[Dataset records]
◇ ◇ ◇ ◇ ◇
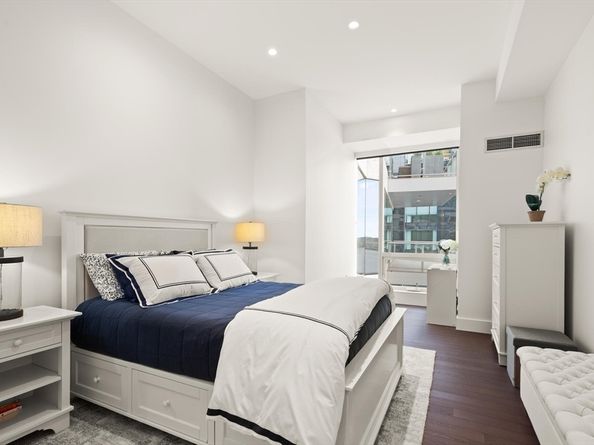 50 Liberty Dr 11L, Boston MA 02210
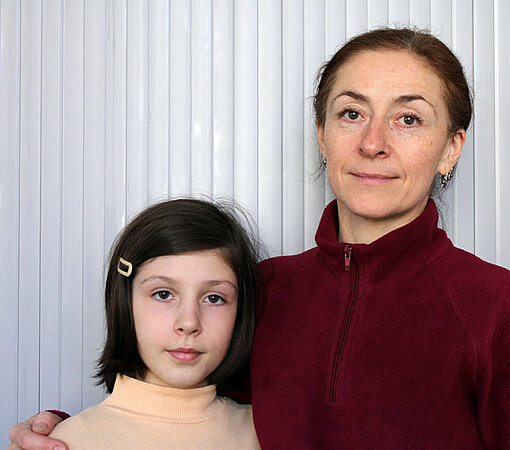 Helga zusammen mit ihrer Mutter Natalia Mutter und Tochter stehen schüchtern lächelnd nebeneinander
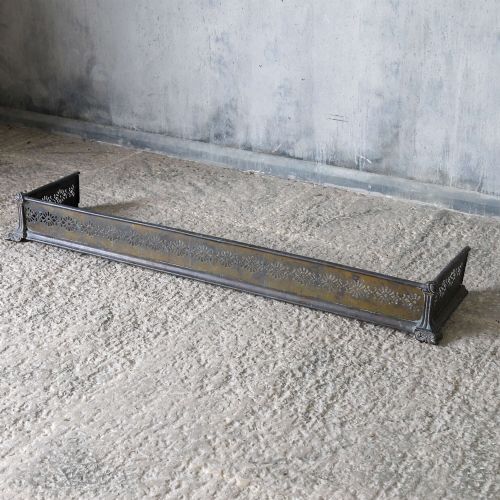 ENGLISH BRASS STEEL ART NOUVEAU FIREPLACE FENDER WONDERFULLY PATINATED C1890 - ADDITIONAL PHOTO 9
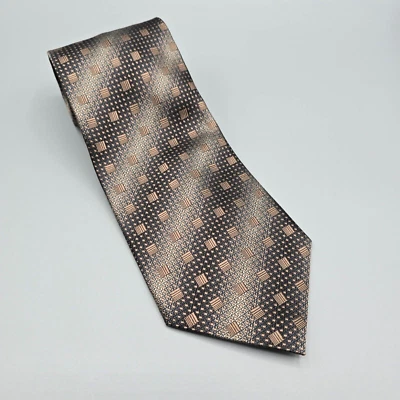 Gravata masculina Birmânia Bibas preta bronzeada geométrica seda EUA comprimento 57,5" largura 4" - Imagem 1 de 4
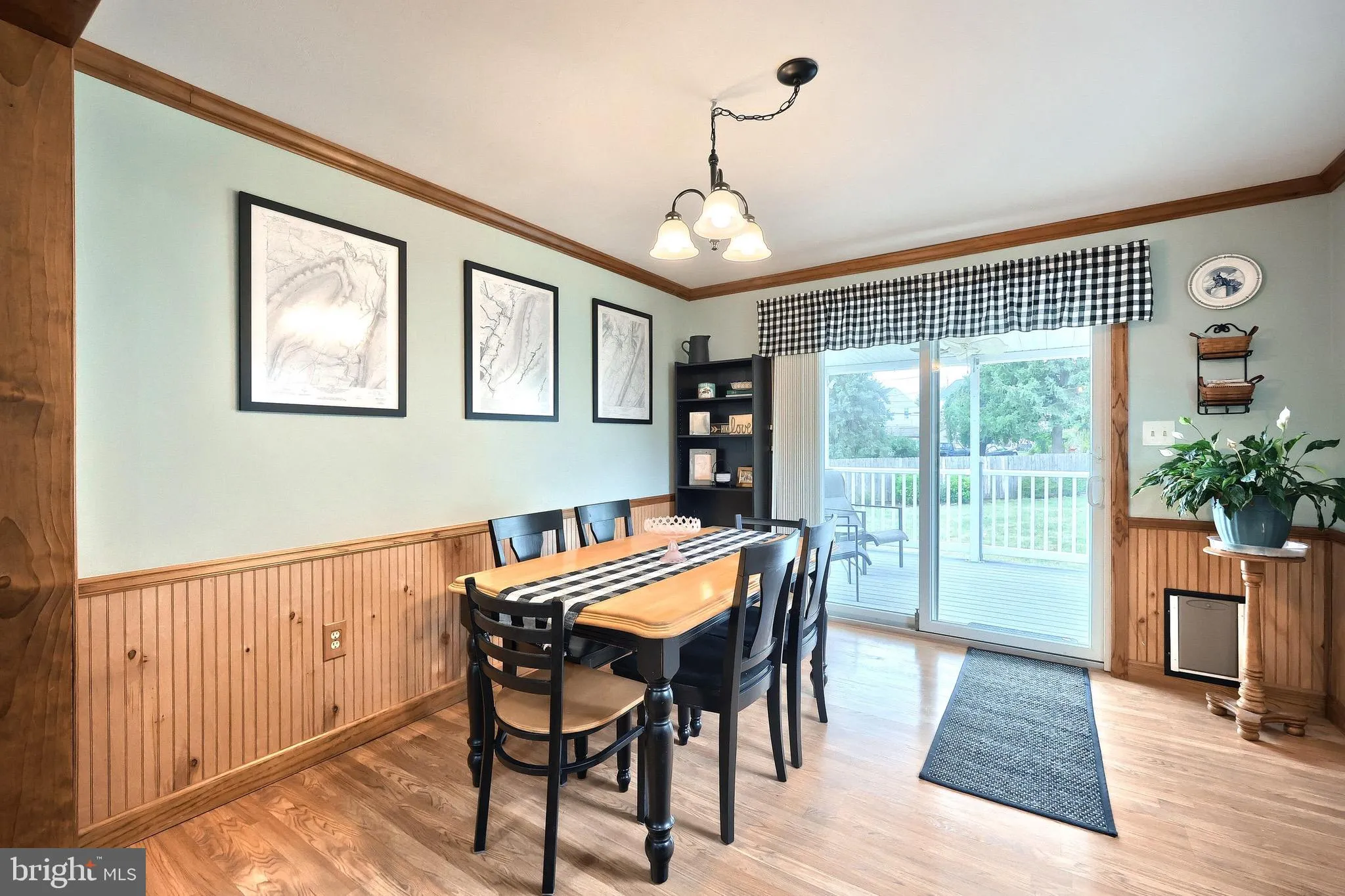 York, Pennsylvania 17404, United States, 3 Bedrooms Bedrooms, ,2 BathroomsBathrooms,Residential,Pending,216384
◇ ◇ ◇ ◇ ◇
_Exercise description_.
No pictures belong in the copy; output every record exactly.

_Result of this exercise_.
 50 Liberty Dr 11L, Boston MA 02210
 Helga zusammen mit ihrer Mutter Natalia Mutter und Tochter stehen schüchtern lächelnd nebeneinander
 ENGLISH BRASS STEEL ART NOUVEAU FIREPLACE FENDER WONDERFULLY PATINATED C1890 - ADDITIONAL PHOTO 9
 Gravata masculina Birmânia Bibas preta bronzeada geométrica seda EUA comprimento 57,5" largura 4" - Imagem 1 de 4
 York, Pennsylvania 17404, United States, 3 Bedrooms Bedrooms, ,2 BathroomsBathrooms,Residential,Pending,216384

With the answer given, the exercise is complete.